Atravessando a entrada, não foi difícil encontrá-la. Lauren estava afastada apenas alguns metros da fachada do restaurante, ainda sobre a calçada, conversando distraída com o celular contra a orelha.

Sem hesitar um só instante, eu rapidamente me adiantei em sua direção e somente parei quando estava perto o suficiente da morena, a provavelmente apenas alguns centímetros de distância de seu corpo.

Imediatamente notando minha presença, ela parou de falar ao celular e rapidamente despediu-me de quem quer que fosse que ela estivesse falando, levando o aparelho ao bolso e, então, dando sua atenção total a mim.
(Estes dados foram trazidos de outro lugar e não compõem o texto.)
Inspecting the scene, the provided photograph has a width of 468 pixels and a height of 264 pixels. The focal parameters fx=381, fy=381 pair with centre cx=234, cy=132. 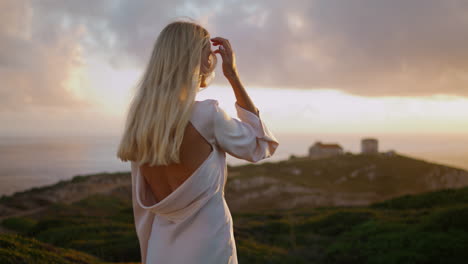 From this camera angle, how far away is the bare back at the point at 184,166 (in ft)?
9.11

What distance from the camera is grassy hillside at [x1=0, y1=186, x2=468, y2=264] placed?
7.96 meters

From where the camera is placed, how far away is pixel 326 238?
436 inches

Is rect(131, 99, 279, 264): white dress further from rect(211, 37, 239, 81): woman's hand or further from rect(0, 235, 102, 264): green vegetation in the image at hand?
rect(0, 235, 102, 264): green vegetation

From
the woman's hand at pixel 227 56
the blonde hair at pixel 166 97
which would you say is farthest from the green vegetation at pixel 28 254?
the woman's hand at pixel 227 56

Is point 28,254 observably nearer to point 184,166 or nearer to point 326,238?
point 184,166

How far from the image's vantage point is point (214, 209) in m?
2.87

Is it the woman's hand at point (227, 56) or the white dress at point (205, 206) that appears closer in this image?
the white dress at point (205, 206)

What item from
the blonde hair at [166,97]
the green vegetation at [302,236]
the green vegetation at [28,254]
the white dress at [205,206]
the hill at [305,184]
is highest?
the blonde hair at [166,97]

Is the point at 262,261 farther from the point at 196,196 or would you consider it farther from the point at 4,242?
the point at 196,196

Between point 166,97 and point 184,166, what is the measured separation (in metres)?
0.53

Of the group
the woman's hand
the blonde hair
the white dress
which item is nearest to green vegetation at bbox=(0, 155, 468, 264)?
the white dress

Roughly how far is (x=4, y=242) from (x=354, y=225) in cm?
985

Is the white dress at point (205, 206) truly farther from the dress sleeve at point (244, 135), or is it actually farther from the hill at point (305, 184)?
the hill at point (305, 184)

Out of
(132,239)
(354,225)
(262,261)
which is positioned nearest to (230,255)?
(262,261) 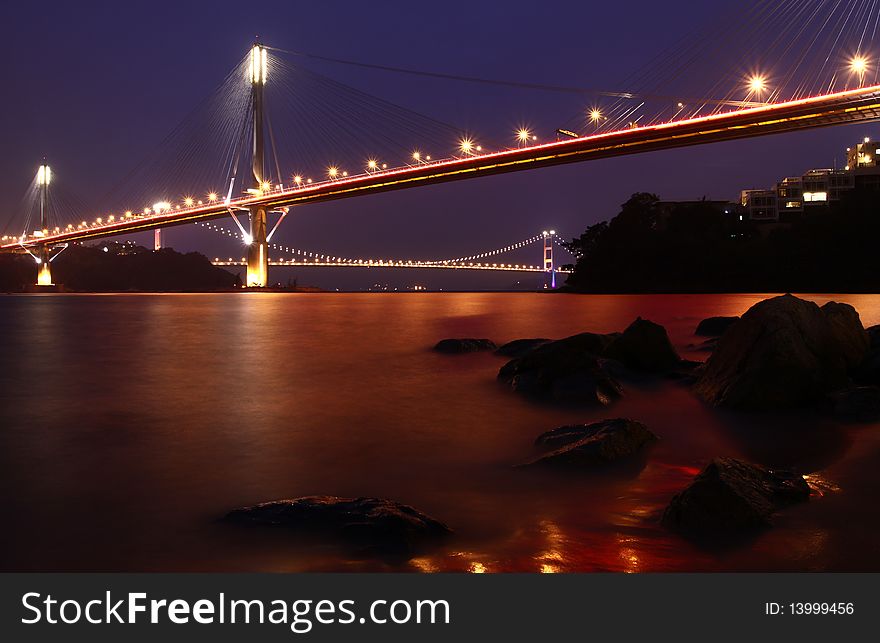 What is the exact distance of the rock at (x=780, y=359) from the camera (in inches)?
172

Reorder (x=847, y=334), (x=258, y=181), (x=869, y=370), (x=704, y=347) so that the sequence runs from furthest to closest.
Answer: (x=258, y=181)
(x=704, y=347)
(x=847, y=334)
(x=869, y=370)

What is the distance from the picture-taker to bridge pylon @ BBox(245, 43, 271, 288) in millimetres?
36812

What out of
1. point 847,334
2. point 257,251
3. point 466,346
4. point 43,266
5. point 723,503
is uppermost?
point 257,251

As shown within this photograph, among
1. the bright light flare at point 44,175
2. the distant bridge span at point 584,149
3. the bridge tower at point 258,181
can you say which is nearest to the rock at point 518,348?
the distant bridge span at point 584,149

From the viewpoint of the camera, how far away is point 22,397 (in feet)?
20.5

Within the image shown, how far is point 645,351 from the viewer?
641 cm

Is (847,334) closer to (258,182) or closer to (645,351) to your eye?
(645,351)

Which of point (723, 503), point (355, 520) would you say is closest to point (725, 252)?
point (723, 503)

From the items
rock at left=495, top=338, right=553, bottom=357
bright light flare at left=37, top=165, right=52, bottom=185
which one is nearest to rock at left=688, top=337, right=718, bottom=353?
rock at left=495, top=338, right=553, bottom=357

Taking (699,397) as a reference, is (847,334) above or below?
above

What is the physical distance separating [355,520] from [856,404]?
347 cm

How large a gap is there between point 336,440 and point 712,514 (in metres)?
2.53

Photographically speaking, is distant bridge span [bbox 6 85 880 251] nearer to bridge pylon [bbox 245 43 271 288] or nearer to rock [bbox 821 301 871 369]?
bridge pylon [bbox 245 43 271 288]

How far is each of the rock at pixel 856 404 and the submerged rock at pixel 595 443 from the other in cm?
136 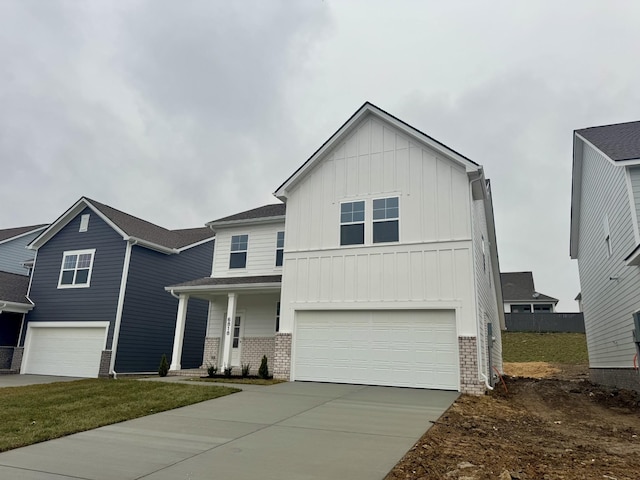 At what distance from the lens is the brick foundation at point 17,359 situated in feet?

Em seus olhos, a surpresa ainda era evidente. As sobrancelhas juntas demonstravam sua apreensão ao que viria, apesar de esta ser totalmente palpável somente por sua postura. Seu corpo estava ereto, estático, claramente tenso. A boca fechada, os lábios pressionados, o queixo erguido. Ao mesmo tempo em que me desafiava, ela também parecia temer o que eu diria. E querendo acabar de uma vez por todas com a espera, eu simplesmente me adiantei mais um passo e parei com meu rosto agora a milímetros do seu; as órbitas castanhas nunca deixando as verdes, nem por uma fração de segundos, enquanto eu me pus a sussurrar cada palavra com toda a certeza e confiança que eu possuía dentro de mim.

- Não me interessa o que você fez durante esses dois meses, se conheceu alguém, se ficou com alguém, se transou com alguém ou se fez tudo isso com mais de dez pessoas. Não me interessa quantas mulheres você encontrou, quantas beijou, quantas achou que eram lindas ou quantas quis levar pra sua cama. Não me interessa se essa garota dentro desse restaurante com você é sua namorada, sua noiva, sua esposa ou o amor da sua vida. – pausei finalmente por alguns segundos, somente para retomar todo o ar que eu podia antes de completar com meus lábios agora mal roçando os seus. – Você é minha, Lauren. E eu vou te provar isso a todo custo.